La deuxième évidence est celle de la capacité du « centre » pour faire passer les pires politiques, combines et manipulations au nom de la « raison », du « consensus », de la « bonne gestion », de l’ « entente nationale »... L’oligarchie financière de la fin du XIX siècle a confié la mise en œuvre de l’impérialisme protectionniste au « centre gauche » plutôt qu’aux libéraux, dont les réticences envers cette politique étaient bien connues, ou aux conservateurs, parmi lesquels militaient des propriétaires agricoles hostiles à toute politique de confrontation avec le client riche qu’était l’Allemagne. On ne peut pas sérieusement douter du bien-fondé de ce choix des milieux d’affaires, car personne d’autre n’aurait pu « placer » un discours comme celui de Jules Ferry du 28 juillet 1885.

Au point que, de nos jours, Jules Ferry passe pour un grand réformateur et on peut même lire son nom sur des banderoles syndicales. Mais ses réformes n’étaient-elles pas intéressées et conformes à la stratégie de l’oligarchie ? D’une part, pour garantir l’efficacité d’un appareil militaire et colonial qui ne pouvait pas fonctionner avec des illettrés. De l’autre, pour répandre un sentiment nationaliste propice à l’entreprise coloniale dans un premier temps et, à terme si nécessaire, à une nouvelle guerre avec l’Allemagne. Une guerre qui a bien fini par éclater en 1914.

Enfin, que signifient les références à la « nation » dans un système social dominé par la grande finance et les multinationales ? La première guerre mondiale a été partout présentée aux populations comme une « défense de la patrie (ou d’un allié) contre l’envahisseur », alors qu’il s’agissait en réalité d’un conflit entre grands capitalistes pour le contrôle des colonies et l’hégémonie mondiale. Aujourd’hui, c’est l’euronationalisme qui convient aux intérêts des milieux financiers.
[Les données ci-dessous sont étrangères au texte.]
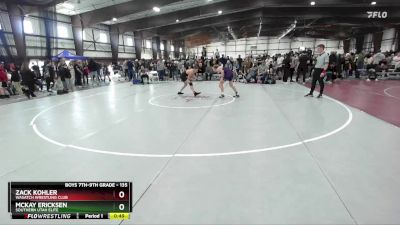 135 lbs Cons. Round 5 - McKay Ericksen, Southern Utah Elite vs Zack Kohler, Wasatch Wrestling Club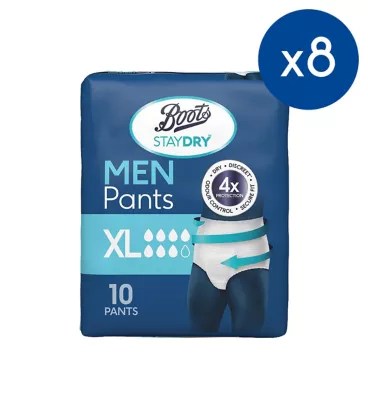 pants incontinence Boots Pharmaceuticals Boots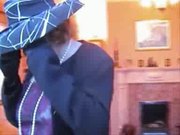 Granny Entertains Herself at Home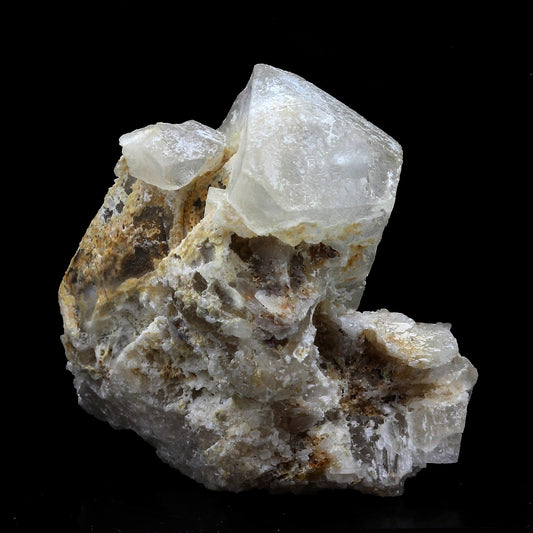 Baryte, Calcite. 259.0 carats. Saint-Péray, Ardèche, France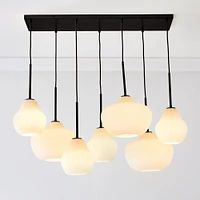 Sculptural -Light Ribbed Chandelier | West Elm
Le reste relève de la pure gesticulation, pour montrer que l’ « Europe politique » n’est pas incompatible avec le bon vieux nationalisme du lobby colonial « français ». C’est vrai que la première prendra la relève du dernier dans le redéploiement des moyens de domination de l’impérialisme à l’échelle mondiale. Voir, à ce sujet, mon article du 25 mars intitulé « Après les présidentielles françaises, mine de rien, l’ « Europe militaire » (1) ». L’échec des interventions des Etats-Unis en Afghanistan et en Irak joue en faveur de la stratégie préconisée par la Commission Trilatérale tendant à la mise en place d’une triple gendarmerie mondiale : Amérique du Nord, Europe et « Asie », cette dernière composante étant la plus difficile à définir. Il est devenu très urgent, pour la grande finance mondiale, de créer un Etat européen et d’en faire une superpuissance militaire capable d’aider efficacement la superpuissance américaine. L’idéologie et la propagande nationalistes doivent donc, dans la période actuelle, être orientées en direction de la « grande Europe ».